If I have a Deployment with replicas set to 4, and a HorizontalPodAutoscaler with minReplicas set to 2, which value takes precedence? I’m assuming the HPA will attempt to scale down to 2 when there isn’t enough utilisation to justify it, but I just can’t tell for sure!
Sorry if this is super obvious, but my brain rot from endless meetings this week won’t let me see the answer, lol
The deployment will start with 4 replicas, and the HPA will continuously evaluate the resource utilization. If the utilization is low, the HPA will scale down to the minimum of 2 replicas. The HPA dynamically adjusts the replica count to ensure optimal resource usage.
Ok, perfect, I’m glad my assumption was right. You’re a lifesaver, thanks for weighing in quickly!

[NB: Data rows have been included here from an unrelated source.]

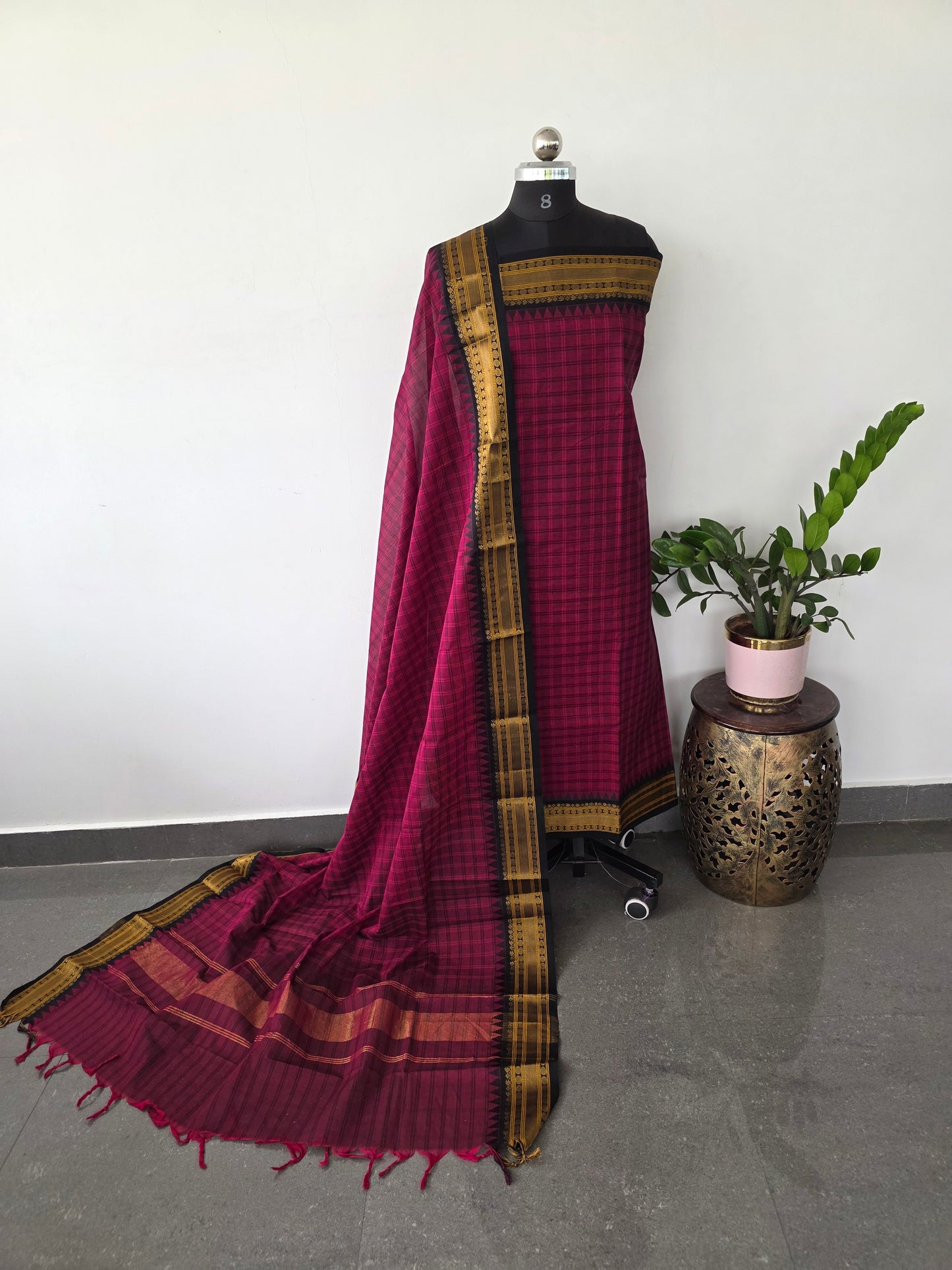 Premium Checked chettinadu cotton salwar set - CK103
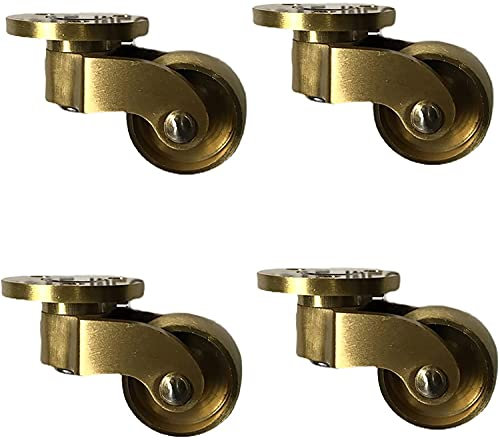 Ruedas 4 Ruedas de Latón Macizo,Ruedas Giratorias,Ruedas para Muebles,Ruedas de Servicio Pesado para Comedor,Coche, Silla de Oficina,Muebles con Carrito,Estilo Retro,Sin Ruido,Con Tornillos-Gold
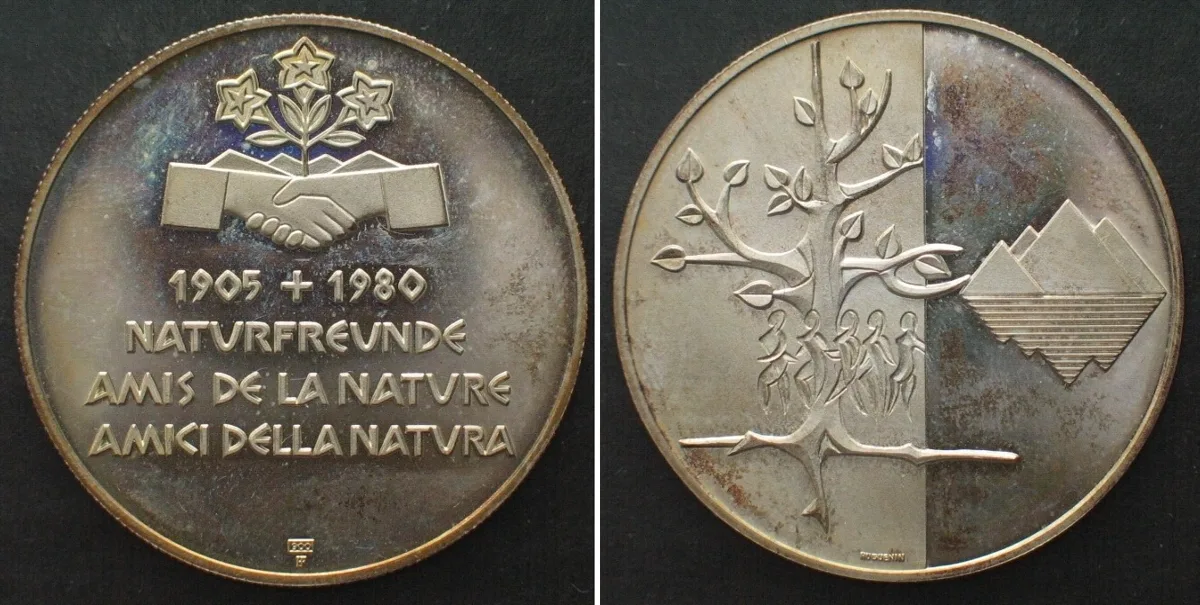 1980 FRIENDS OF NATURE Tourist Club 1980, silver, 33mm Proof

I swear when I first implemented the HPA the Kubernetes docs had a dedicated section in their ‘Concepts’ section for HPAs but all their scaling stuff seems to have been moved into real-world-example-type docs now which isn’t as helpful to me as a reference
Yea, when things get so complicated as in Kubernetes, that helps a lot
Also, checkout Keda if you end up needing to do more specialized autoscaling
Forgot to reply yesterday but just wanted to say thanks for the heads up on Keda! - I’ve been testing new scaling configs today with it and I’m really impressed with the flexibility I now have without having to do much work on integration. Some of the metrics I can now easily scale by make me wonder: “Jeez why isn’t this supported by default?” Though of course the answer is because K8s development has lots of other priorities.
As a generic follow up question: Are there any other custom resources you’ve come across that have enhanced K8s in a way that shifted the way you work significantly like Keda looks like it will for me?
2024-06-06
Does anyone have any experience or ideas about running a k8s control plane in our account, and having k8s worker nodes in different cloud environments (keeping multi-tenancy in mind).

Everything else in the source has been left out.